Before learning about the two studied newspapers, it is of course important to have a brief introduction to Cambodia’s media landscape in general. LICADHO shows that Cambodia has been surprisingly considered as one of the freest in regard to freedom of speech in Southeast Asia. Although Cambodian constitution fully guarantees freedom of speech, there have been cases of murders, death threats and imprisonment of journalists. Press freedom on both traditional and new media in Cambodia – including print newspaper, radio, television, and the Internet – is seen with a mixture of positivity and negativity. While television is completely controlled by the government, radio and newspapers still offer quite significant hopes for real news in traditional media. There are foreign-run channels like Voice of America (VOA), Radio Free Asia (RFA), Radio France Internationale (RFI), Phnom Penh Post and Cambodia Daily that report independently in the country, and they are the primary sources that people always turn to for reliable quality news.

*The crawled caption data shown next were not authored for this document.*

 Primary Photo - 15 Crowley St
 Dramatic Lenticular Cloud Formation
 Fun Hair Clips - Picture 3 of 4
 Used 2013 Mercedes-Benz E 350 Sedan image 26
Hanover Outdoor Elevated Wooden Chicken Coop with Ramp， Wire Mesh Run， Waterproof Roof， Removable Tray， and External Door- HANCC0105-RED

On the Internet, freedom of speech appears very open and immune to the government as international platforms – Facebook, Twitter, YouTube, news websites and other Web 2.0 platforms – do not cooperate with the regime and have sophisticated technologies beyond Cambodian government’s technological capabilities to interfere. Online anti-government activists tend to appear anonymous due to fear of endangering their lives.

The two online newspapers – The Phnom Penh Post and The Cambodia Daily – selected for this study are considered as independent from government interference although journalists may have a certain level of fears when reporting on controversial issues sensitive to the government.

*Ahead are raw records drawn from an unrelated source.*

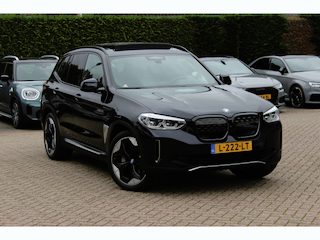 BMW iX3 High Executive 80 kWh / Trekhaak / Panoramadak / 360Camera / Head-up / 20'' / Leder / Harman Kardon / Navigatie / Memory seats / Dodehoek / DAB / Stoelverwarming / Cruise Control Adaptief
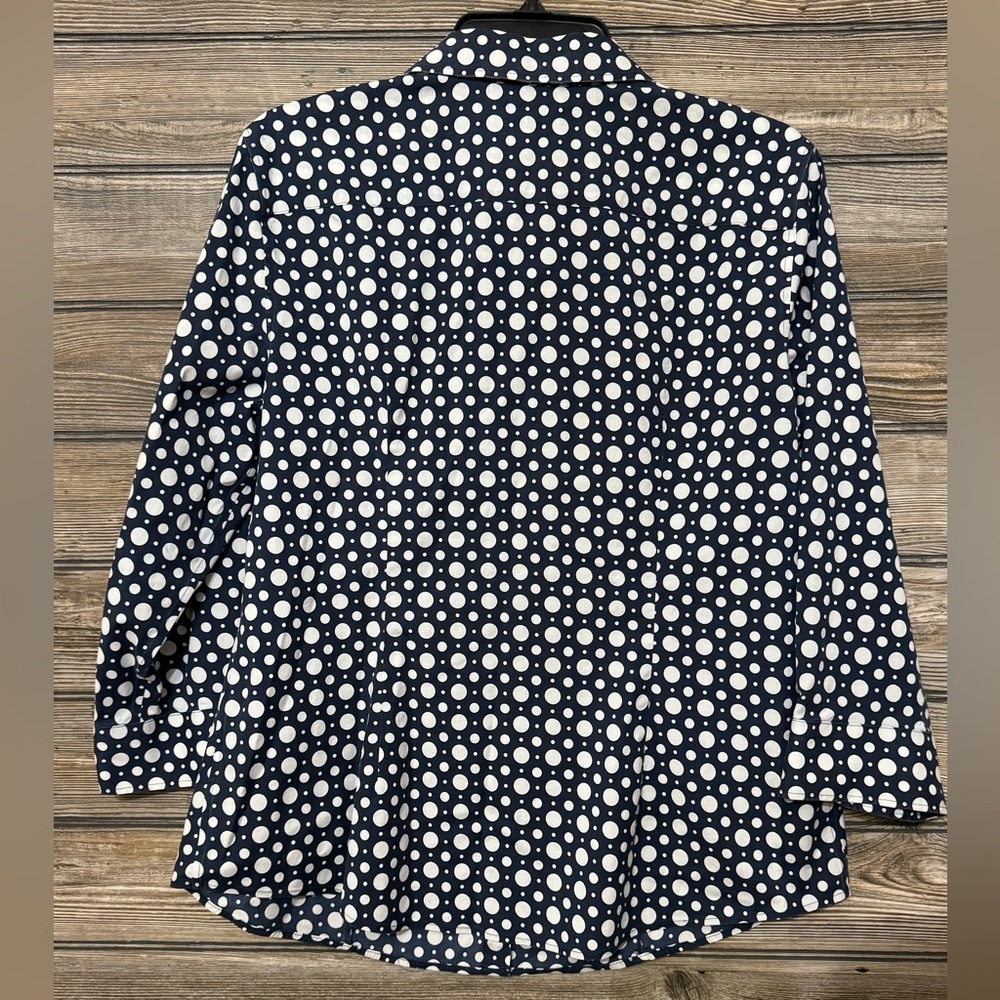 Talbots Woman’s Button Up Top Size 14 - image 8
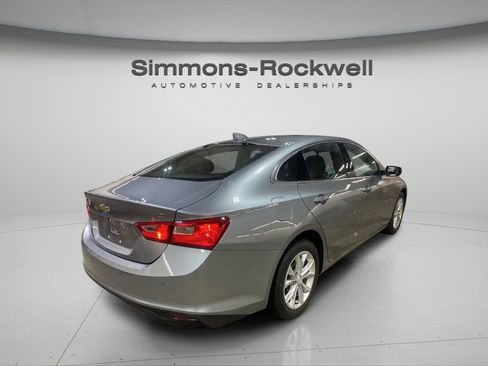 Used 2024 Chevrolet Malibu LT image 5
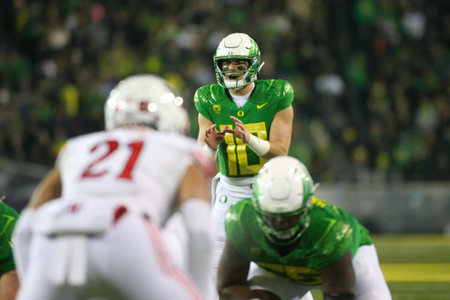 The Oregon Ducks take on then UCLA Bruins at 7:30 pm in Eugene, Oregon on Nov 19, 2022. (Jackson Fisk / Eric Evans Photography)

The Phnom Penh Post first published in 1992 in English and Khmer (Cambodian language) and was officially launched in 2009. Its audience consists of thousands of foreigners and Cambodians living in Cambodia, and subscribers in 35 countries around the globe. According to Pan, The Post publishes unbiased reporting with the goal to run a successful business that benefits society, promoting “principle of unity, raising human rights awareness, and empower people by providing educational content which are useful for people’s daily life”.

The Cambodia Daily was founded by a veteran American journalist, Bernard Krisher, who covered Cambodia in the 1960s for Newsweek and saw an opportunity to help the fledgling democracy by launching a newspaper in the country after the U.N.-supervised elections of 1993. Non-profit in nature, the paper was established to provide a foundation for a free press in Cambodia and to train a new generation of journalists. In the words of Krisher,

In providing unbiased news of Cambodia and the rest of the world to readers in both English and Khmer, the newspaper hopes to contribute to the country’s reconstruction and rehabilitation. We aim to create an informed public that will be best able to select, through elections, the people most qualified to realize the goals of the Cambodian people.

Research Objective and Questions

The purpose of this research is to investigate the coverage of development news of independent online newspapers in developing countries, using Cambodia as case study. Two online newspapers — The Phnom Penh Post and The Cambodia Daily — are selected for a content analysis process. The following questions are the guideline for the expected analysis.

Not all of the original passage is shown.